Directions for this task: Output only the lines that run from the line holding "Plastipak Sub-Q Einmalspritze" to the end of the entries, both ends included, and skip the pictures.

Supplied entries:
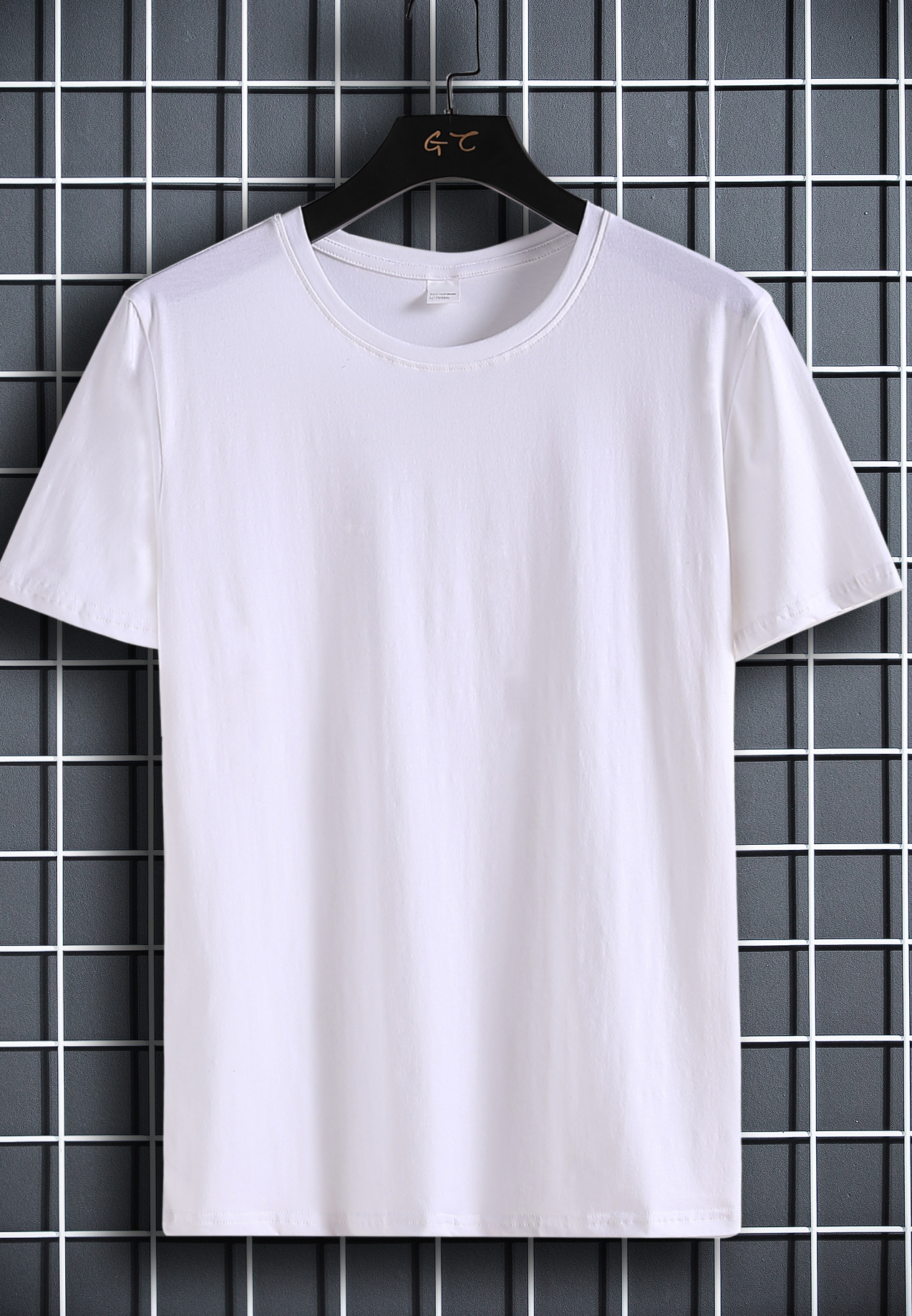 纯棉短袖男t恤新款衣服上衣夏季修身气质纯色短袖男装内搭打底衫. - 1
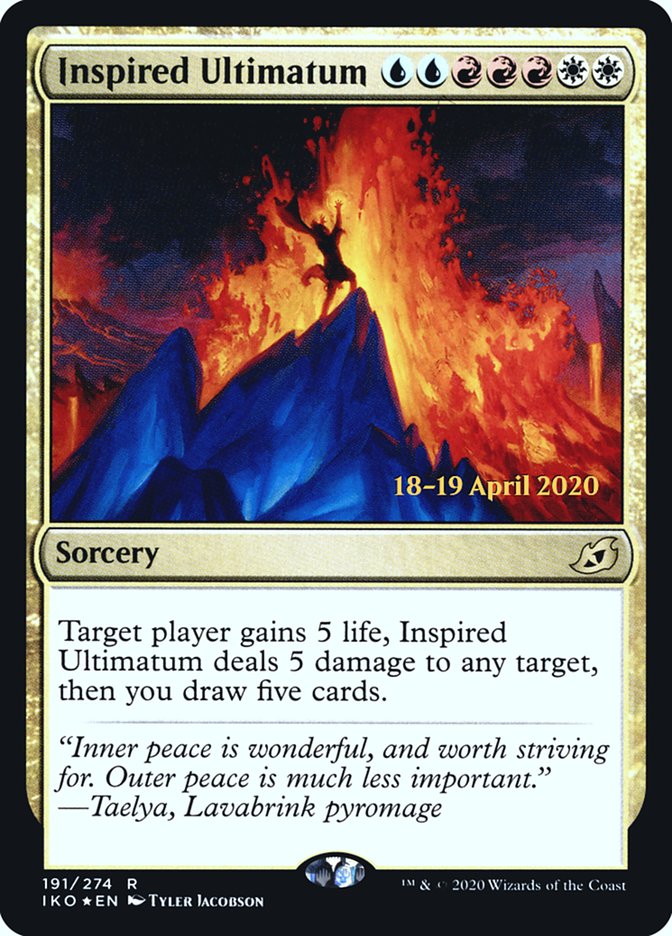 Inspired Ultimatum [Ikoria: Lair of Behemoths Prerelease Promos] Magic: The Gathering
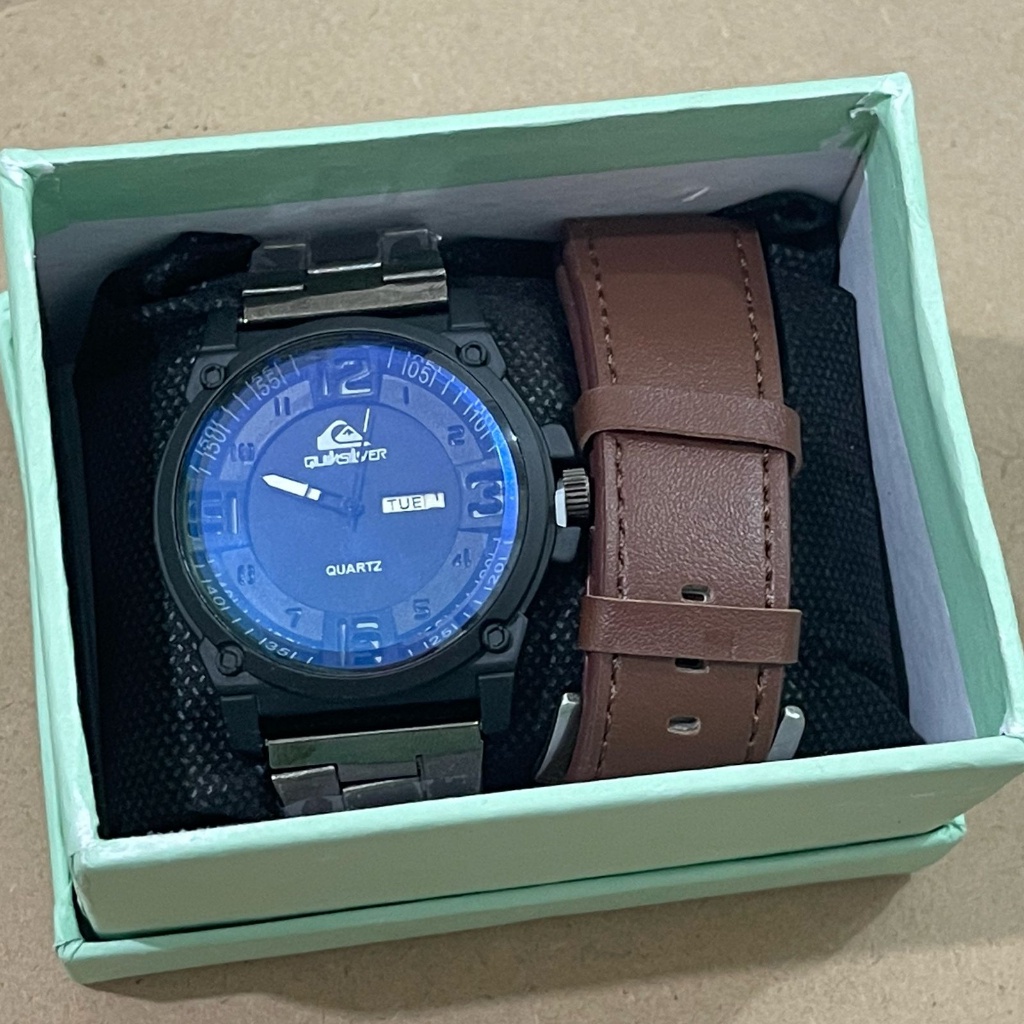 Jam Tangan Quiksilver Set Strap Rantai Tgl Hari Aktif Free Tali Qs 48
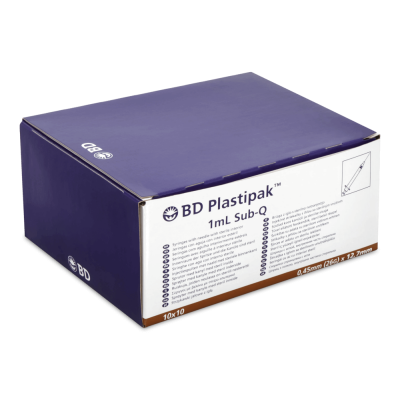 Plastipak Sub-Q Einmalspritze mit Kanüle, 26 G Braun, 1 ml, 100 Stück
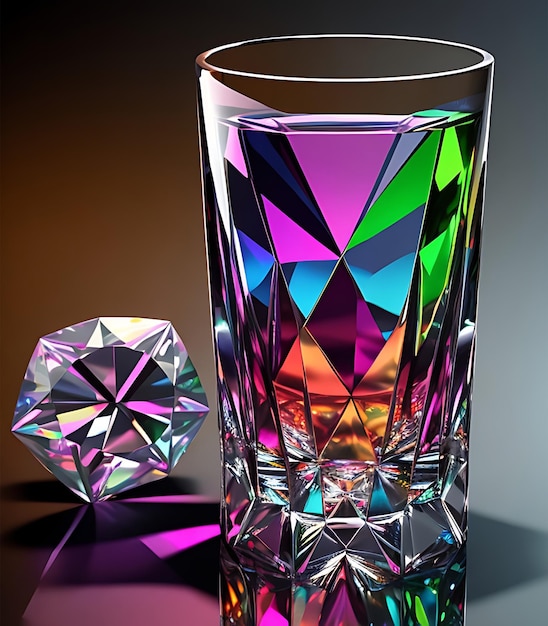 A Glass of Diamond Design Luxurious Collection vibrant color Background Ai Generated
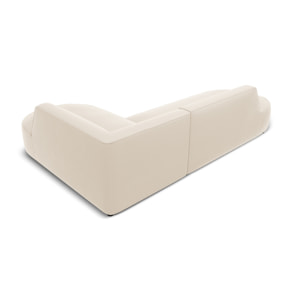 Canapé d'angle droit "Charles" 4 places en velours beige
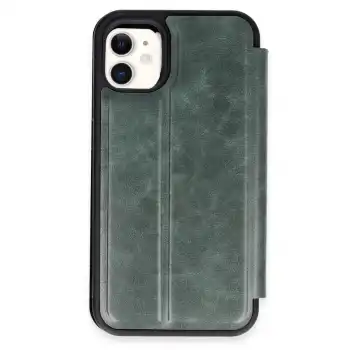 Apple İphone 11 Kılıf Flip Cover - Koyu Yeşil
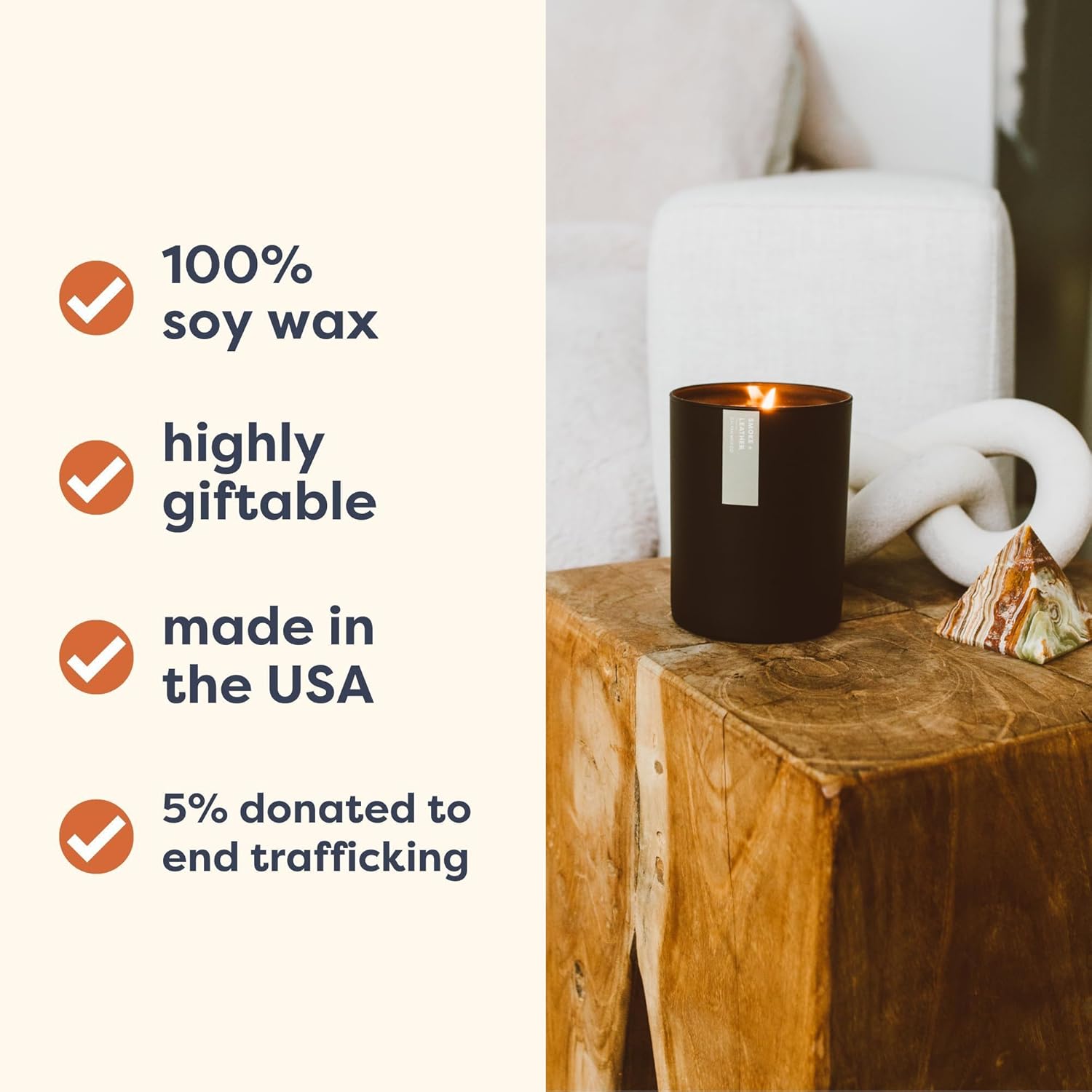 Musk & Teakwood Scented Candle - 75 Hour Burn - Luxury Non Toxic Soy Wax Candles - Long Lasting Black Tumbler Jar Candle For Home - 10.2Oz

Answer to this problem:
 Plastipak Sub-Q Einmalspritze mit Kanüle, 26 G Braun, 1 ml, 100 Stück
 A Glass of Diamond Design Luxurious Collection vibrant color Background Ai Generated
 Canapé d'angle droit "Charles" 4 places en velours beige
 Apple İphone 11 Kılıf Flip Cover - Koyu Yeşil
 Musk & Teakwood Scented Candle - 75 Hour Burn - Luxury Non Toxic Soy Wax Candles - Long Lasting Black Tumbler Jar Candle For Home - 10.2Oz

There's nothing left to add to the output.